One week after staying late for extra shots, Eric Ayala’s work paid off
Guard Eric Ayala raises his hand during warmups ahead of Maryland men's basketball's 72-70 win over Nebraska on Feb. 11, 2020. (Tyrin Gray/The Diamondback)
Eric Ayala left three fingers raised toward the jumbotron as he backpedaled down the floor, and when he heard the whistles blow, the Maryland men’s basketball guard crouched down and slapped the court three times with that same hand.
After burying his fourth 3-pointer of the night — this one forcing Nebraska into a timeout, attempting to quell the Terps’ surge to a 10-point edge late in the second half — Ayala’s teammates ran over to him.
It was just one week ago that Ayala had stood near the same spot on the floor. But back then he was alone, save for the student manager feeding him ball after ball so the sophomore could take shot after shot long after the final buzzer sounded, trying to find his shooting stroke once more.
So as Ayala crouched down and smacked the Xfinity Center floor, just seven days later, it was with those extra shooting sessions in mind. It was with those late nights and early mornings rolling through his head, and an overwhelming feeling that they’d all been worth it.
“To see that is just a relief that the work is working,” Ayala said. “I credit all that to just staying in the gym.

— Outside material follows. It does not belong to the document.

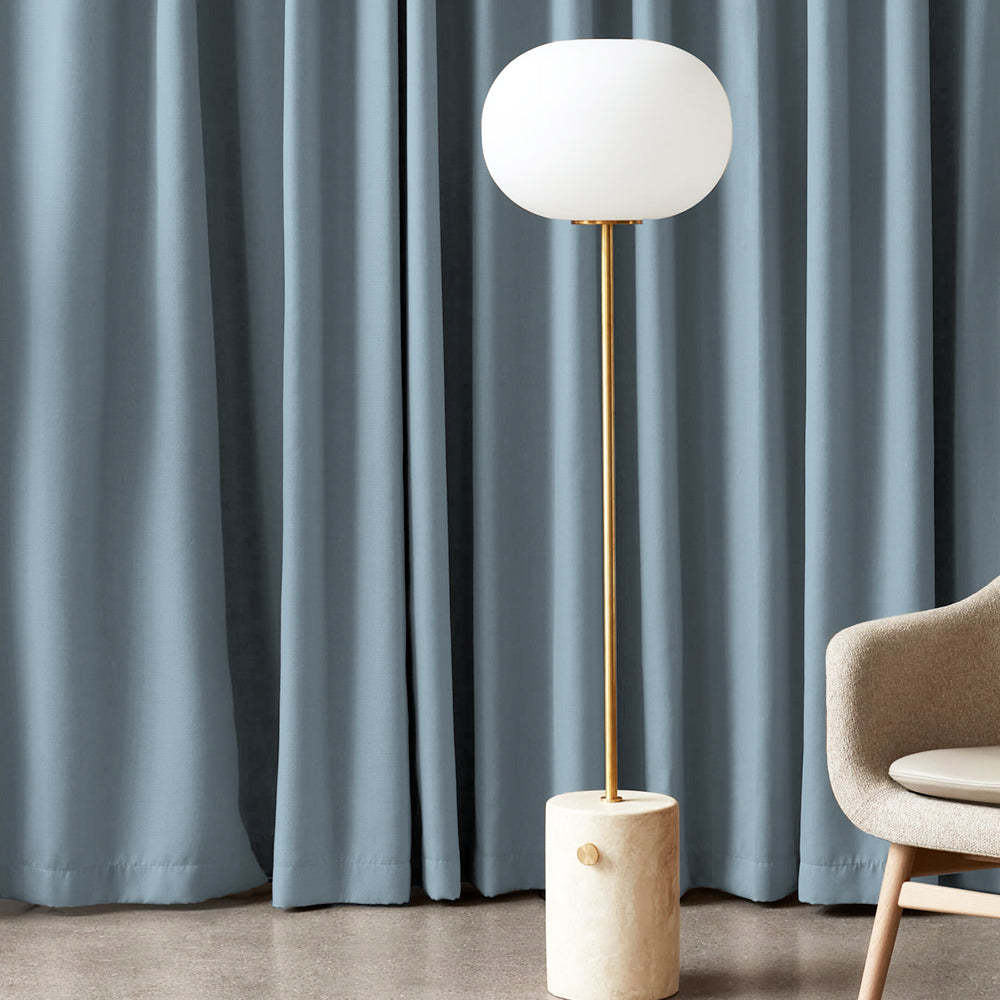 Jacquard Room Darkening Curtains in Carribean Blue Set Of 2 - (P297)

You know, throughout the whole stretch I’ve just been staying in the gym and just shooting as many as I can. Everyday, just putting a lot of shots up.”
That final trey from Ayala gave him a season-high 16 points, pushing him into double-figures scoring for the second straight game. Between Dec. 19 and Feb. 4, Ayala didn’t surpass nine points, and he averaged just 4.73 over that 11-game span.
And after last week’s win against Rutgers — in which Ayala was held scoreless for the first time since Feb. 23, 2019 — Ayala stayed late. He spent about 30 minutes hoisting shots, hoping to find the missing key.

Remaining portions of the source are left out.